Once Upon a Three-Act Play Structure

Steven Spielberg has said, "People have forgotten how to tell a story. Stories don't have a middle or an end anymore. They usually have a beginning that never stops beginning." We, who like to write fiction, should pay heed to his message if we want to write compelling stories.

A few years ago, while attending college, I discovered the book called, Interactive Writer's Handbook by Darryl Wimberley, PH.D. and Jon Samsel. The fourth chapter, "Story Dynamics: The Spine Comes to Life," tutors us about the Three-Act Play Structure, and it taught me how to craft fiction. The formula isn't new. It evolved from Horace's five-act plays and has inspired Shakespeare and other playwrights through the ages.

The Three-Act Play Structure’s purpose is simple: to set a spine into the body of a story. We all know the purpose of a spine; it supports the body's musculature and holds us upright. I used to hang a Far Side cartoon on my wall entitled the "Boneless Chicken Ranch" to remind me that my stories needed a spine. In the comic, boneless chickens sprawl haphazardly on the grounds of the farm. The same principal works in our fiction. If we fail to put a story-spine in place, our plot will sprawl throughout the manuscript, bringing us a passel of rejection letters.

Five stages make up the Three-Act Play Structure, helping the author pace dramatic conflict. These stages need to occur at specific times within the story and in specific proportions. The Second Act is longer than the First and Third Acts, and the First and Third Acts are relatively the same size. The ending should somehow connect with the beginning to provide unity. Writers should know how a story will end before they begin so they can repeat a symbol or theme throughout the plot which helps in the unification.
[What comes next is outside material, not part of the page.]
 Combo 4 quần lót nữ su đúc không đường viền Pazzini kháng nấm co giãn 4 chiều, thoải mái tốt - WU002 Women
The first stage of the Three-Act Play Structure is the Trigger. This stage occurs within the first eight to ten pages of the manuscript. The trigger jump starts the story, involving characters in immediate conflict and promises more struggles to follow. The trigger does not have to involve the hero. The villain can do the job just as well. But remember, the introduction of conflict must affect the character's head and heart. As the main story changes, so should the inner lives of the players, otherwise the author risks leaving the reader unsatisfied.
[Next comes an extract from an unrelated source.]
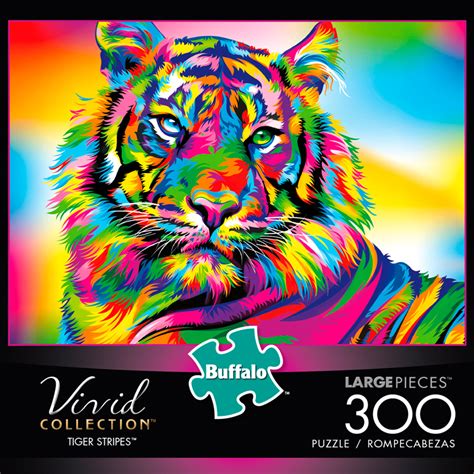 For sale a used shaped 300 piece jigsaw puzzle. Vivid Tiger Stripes 300 Large Piece Jigsaw Puzzle ...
The second and third stages of the Three-Act Play Structure are the First and Second Reversals or Plot Points. Many reversals occur throughout a story, but only the first and second Plot Points are mandatory or the story will crumble. The first plot point occurs at about a quarter of the way through the plot in Act One, and the second plot point occurs at about three quarters of the way through the plot at the end of Act Two. These Plot Points take the story and the characters lives in new directions, but the second plot point is where the main character learns something significant about his mettle. The second reversal introduces the third act, leading to the Climax of the story.

The Climax, or fourth stage, is where all action escalates to the main point of the plot. However, the Climax should never answer all of the character’s problems. This allows the final stage, the Catharsis, which the Greeks knew as a type of healing, to tie up lose ends. The Catharsis should be brief. After the climax, readers care very little about what comes after.
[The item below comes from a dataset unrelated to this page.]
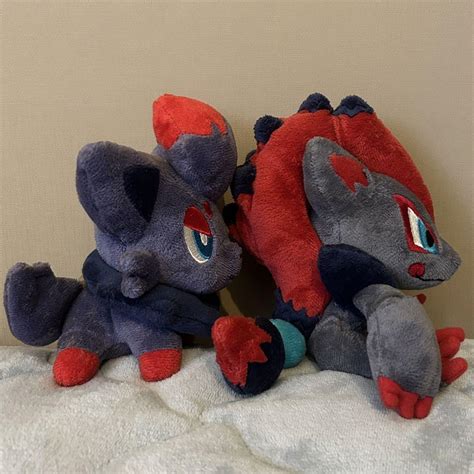 Pokedoll Zorua Zoroark Pokemon Center Limited Plush Toy EBay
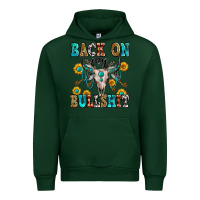 Forest Green back on my bullshit Urban Hoodie - Zillion Design Studio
The Three-Act Play Structure works, whether writing a novel, a screenplay, or a short story. Remember this structure is a guideline only; a writer doesn't have to be exact, just in the general vicinity, although she needs to use all five stages. More times then not, the authors of my favorite novels have used this formula, and I have committed to mastering all five stages so my novels are of the same caliber. Try restructuring your own work. You'll be surprised how your stories improve.